In my next life, if I am not getting a better IQ, I am going to sue the omnipresent, but for this incarnation, I think I should file a law suit for not giving me patience. Well, if it is any consolation, I take it in my stride, except on those days where I want to bury myself six feet under so that I would not cause an inconvenience to people round me.

I keep reminding myself that change is an unavoidable part of human life, but then, the change is not making me a better person. Apart from making me unnecessarily anxious, it also makes me timid, clueless, tired, and unhappy and a perfect example for a psychological study. I sometimes wonder if I need to take psychology as a part time course to understand myself better! Borrowing someone’s words, sometimes, I want to remove the lid on my head and take my brain out and keep it in a freezer and let it cool, while I enjoy the sanctity of the moment and then, replace it and pray it works well. All in all, not a bad idea, right? May be!

Now to the actual cause of the problem, I do not know what the problem is! The solution of playing an incident a thousand times counts nothing, for I do not remember the incident. Painting is not helping me either, for I am tending to draw some jumble of colors that make no sense, producing a macabre effect. Writing diary seems to have the same problem … for, I cannot actually write the problem, I am successful in writing the current state of my mind and unsuccessful in penning down the actual problem. This ‘syndrome’, if it can be called that, does it have a meaning?

...
I am not going down, not without a fight,
I am not giving up, not without a cause,
Coward that you are, dare to show your face?
You are not winning, helpless as I seem,
I still have fight in me,
With all my might, I challenge you,
Dare to show your face to me?

Flight while you can,
For when I unmask your hideous mask,
You will be plain and ridiculous,
And I will be your doom…

I confess that you are ahead in this race,
So smile, but the road is not at an end,
I might be behind, but don’t be complacent,
Forewarned that you are, I challenge you again,
Dare to win against me?

I have been there and I am still standing and never over the edge,
You are in my battle field, the one I own, my mind,
You thrive on my fear, but that won’t last long,
Coward that you are, you feed on my fear,
I know your secret, still think you are winning?
Think again!!!

Half battle lost is not half battle won,
The half is just an interval,
It won’t be easy now, for you,
For, I am going to beat you, black and blue,
Oh, don’t you mock!
I am still standing, ain’t I?
I will unveil your mask and I will unfurl your horror,
And I challenge you again, dare to face my might?

2 comments:

Su.. said...

As far as that 3/4th brain stuff was being talked about...That cloud is called gray matter.. It doesnt work really... So keep 1/4th safe ok?? Trust me :p...

U want to bury urself? Wow... 6 feet?? 5 shud do the trick right?? Pessimist!!..

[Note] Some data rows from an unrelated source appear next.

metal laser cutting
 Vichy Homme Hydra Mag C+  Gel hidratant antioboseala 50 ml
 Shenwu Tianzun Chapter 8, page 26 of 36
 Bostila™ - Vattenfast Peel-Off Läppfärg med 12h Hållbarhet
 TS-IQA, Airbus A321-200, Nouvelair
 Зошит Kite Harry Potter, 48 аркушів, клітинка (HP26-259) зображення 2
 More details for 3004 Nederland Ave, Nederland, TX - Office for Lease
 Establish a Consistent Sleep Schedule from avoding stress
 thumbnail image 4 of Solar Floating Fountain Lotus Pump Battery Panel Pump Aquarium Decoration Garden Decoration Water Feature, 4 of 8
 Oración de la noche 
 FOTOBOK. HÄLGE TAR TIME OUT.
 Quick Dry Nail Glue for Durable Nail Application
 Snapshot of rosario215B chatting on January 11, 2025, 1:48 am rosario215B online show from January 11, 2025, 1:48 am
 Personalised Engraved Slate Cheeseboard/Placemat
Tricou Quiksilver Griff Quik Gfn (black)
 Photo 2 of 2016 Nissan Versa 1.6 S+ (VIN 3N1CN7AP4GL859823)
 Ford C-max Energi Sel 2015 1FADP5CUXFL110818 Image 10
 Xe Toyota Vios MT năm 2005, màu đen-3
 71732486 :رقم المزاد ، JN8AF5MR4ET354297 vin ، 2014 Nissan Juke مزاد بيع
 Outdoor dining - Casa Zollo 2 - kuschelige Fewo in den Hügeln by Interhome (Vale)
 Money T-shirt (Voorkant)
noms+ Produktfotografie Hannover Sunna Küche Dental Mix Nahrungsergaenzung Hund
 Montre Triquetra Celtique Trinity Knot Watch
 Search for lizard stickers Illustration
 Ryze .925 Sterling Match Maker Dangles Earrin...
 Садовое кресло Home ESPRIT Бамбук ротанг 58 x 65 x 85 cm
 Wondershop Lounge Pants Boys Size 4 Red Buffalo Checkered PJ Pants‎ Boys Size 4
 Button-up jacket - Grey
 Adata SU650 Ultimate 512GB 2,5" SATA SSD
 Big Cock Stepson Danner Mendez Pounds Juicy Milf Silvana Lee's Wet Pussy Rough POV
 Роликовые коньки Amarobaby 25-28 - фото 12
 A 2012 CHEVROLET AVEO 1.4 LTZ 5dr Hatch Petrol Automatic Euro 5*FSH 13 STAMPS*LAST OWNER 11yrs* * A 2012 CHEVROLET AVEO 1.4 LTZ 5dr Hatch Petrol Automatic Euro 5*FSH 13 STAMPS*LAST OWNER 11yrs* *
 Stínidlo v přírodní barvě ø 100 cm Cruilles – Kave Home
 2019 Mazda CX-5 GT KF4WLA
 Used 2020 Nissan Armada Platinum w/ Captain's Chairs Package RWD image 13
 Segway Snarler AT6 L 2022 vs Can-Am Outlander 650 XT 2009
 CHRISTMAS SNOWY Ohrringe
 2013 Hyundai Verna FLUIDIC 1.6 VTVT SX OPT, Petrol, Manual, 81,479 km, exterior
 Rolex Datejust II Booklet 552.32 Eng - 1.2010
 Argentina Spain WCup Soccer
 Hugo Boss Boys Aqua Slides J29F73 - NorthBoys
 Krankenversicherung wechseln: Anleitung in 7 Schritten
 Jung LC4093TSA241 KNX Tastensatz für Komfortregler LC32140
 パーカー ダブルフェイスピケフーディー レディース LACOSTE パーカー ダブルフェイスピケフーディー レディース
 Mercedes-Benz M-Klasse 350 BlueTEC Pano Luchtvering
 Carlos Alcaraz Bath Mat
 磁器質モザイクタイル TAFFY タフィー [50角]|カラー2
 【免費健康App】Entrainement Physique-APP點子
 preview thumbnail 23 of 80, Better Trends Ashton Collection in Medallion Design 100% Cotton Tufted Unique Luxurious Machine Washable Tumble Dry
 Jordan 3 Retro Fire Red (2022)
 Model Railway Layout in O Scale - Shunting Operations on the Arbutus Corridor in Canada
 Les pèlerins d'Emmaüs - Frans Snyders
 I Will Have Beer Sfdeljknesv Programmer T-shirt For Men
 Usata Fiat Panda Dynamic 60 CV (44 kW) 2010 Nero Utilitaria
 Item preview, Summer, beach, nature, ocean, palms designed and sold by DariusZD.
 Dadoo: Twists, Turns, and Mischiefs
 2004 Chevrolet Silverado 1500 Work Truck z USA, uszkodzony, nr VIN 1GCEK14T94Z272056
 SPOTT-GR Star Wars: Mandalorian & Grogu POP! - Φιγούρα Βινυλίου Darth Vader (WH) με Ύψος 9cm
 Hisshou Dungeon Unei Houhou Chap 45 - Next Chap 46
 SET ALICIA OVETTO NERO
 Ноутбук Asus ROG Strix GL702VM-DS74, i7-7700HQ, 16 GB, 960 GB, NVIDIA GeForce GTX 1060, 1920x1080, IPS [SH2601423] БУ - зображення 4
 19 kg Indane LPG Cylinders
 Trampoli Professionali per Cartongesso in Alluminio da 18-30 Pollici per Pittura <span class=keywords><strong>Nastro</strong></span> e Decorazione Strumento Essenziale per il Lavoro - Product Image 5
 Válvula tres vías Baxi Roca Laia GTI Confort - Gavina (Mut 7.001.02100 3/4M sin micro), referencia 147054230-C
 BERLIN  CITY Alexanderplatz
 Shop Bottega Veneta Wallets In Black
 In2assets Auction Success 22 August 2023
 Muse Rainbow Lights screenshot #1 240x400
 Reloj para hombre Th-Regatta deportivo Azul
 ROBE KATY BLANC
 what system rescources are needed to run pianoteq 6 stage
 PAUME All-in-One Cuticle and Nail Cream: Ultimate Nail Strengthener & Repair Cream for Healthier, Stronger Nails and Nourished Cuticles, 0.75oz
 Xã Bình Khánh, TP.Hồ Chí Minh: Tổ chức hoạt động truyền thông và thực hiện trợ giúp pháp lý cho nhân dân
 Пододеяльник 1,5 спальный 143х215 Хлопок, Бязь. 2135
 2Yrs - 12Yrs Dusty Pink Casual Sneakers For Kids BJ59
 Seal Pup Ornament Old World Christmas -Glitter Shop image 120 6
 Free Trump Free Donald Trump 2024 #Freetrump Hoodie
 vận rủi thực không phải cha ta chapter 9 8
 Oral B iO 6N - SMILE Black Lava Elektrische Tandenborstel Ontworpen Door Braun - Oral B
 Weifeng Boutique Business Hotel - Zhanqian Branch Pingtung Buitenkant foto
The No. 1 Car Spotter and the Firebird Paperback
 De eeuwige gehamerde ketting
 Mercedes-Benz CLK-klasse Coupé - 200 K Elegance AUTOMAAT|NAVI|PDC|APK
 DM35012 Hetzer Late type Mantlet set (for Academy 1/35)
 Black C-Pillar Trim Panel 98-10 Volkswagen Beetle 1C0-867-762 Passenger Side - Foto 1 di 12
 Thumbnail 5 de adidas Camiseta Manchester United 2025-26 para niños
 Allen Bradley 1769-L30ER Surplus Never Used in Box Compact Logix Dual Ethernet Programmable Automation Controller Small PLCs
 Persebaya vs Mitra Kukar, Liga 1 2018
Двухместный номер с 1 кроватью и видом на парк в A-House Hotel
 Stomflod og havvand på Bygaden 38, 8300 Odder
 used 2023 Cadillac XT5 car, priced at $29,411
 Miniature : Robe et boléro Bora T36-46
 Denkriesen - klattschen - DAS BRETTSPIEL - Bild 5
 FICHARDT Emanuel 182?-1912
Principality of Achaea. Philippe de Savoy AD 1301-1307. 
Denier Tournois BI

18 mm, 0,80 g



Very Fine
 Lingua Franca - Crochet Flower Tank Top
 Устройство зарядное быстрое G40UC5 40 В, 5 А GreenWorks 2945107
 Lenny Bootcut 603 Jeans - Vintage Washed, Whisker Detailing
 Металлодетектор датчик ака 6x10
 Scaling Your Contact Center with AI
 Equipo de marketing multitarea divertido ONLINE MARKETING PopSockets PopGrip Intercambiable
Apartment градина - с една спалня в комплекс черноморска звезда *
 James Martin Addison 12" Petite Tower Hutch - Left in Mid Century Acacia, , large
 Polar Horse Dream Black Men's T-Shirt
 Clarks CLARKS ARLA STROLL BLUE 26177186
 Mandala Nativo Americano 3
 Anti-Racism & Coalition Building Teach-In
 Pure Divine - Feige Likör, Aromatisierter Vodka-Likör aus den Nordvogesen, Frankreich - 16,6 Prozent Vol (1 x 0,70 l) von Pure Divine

Last but not the least - please do NOT substitute the name 'UNKNOWN' with my name..I am really scared after reading that poem.. But I can use them on my enemies for sure.. They shud get scared - atleast for a while :p...

On a serious note - I am among those people who have heard this so called saying that "time rolls on"... So whosoever that unknown person is or whatsoever that feeling is - it shud stop bothering u soon...Hang in there and keep taking long strides...


Btw...Excellent poem.. :) Keep blogging and keep hoping for the best...

Mahita said...

@Su
Enemy is too big a word I reckon, atleast last I read :D.

I certainly seem to take strides, long or short does not make a difference as long as they take me forward ;)...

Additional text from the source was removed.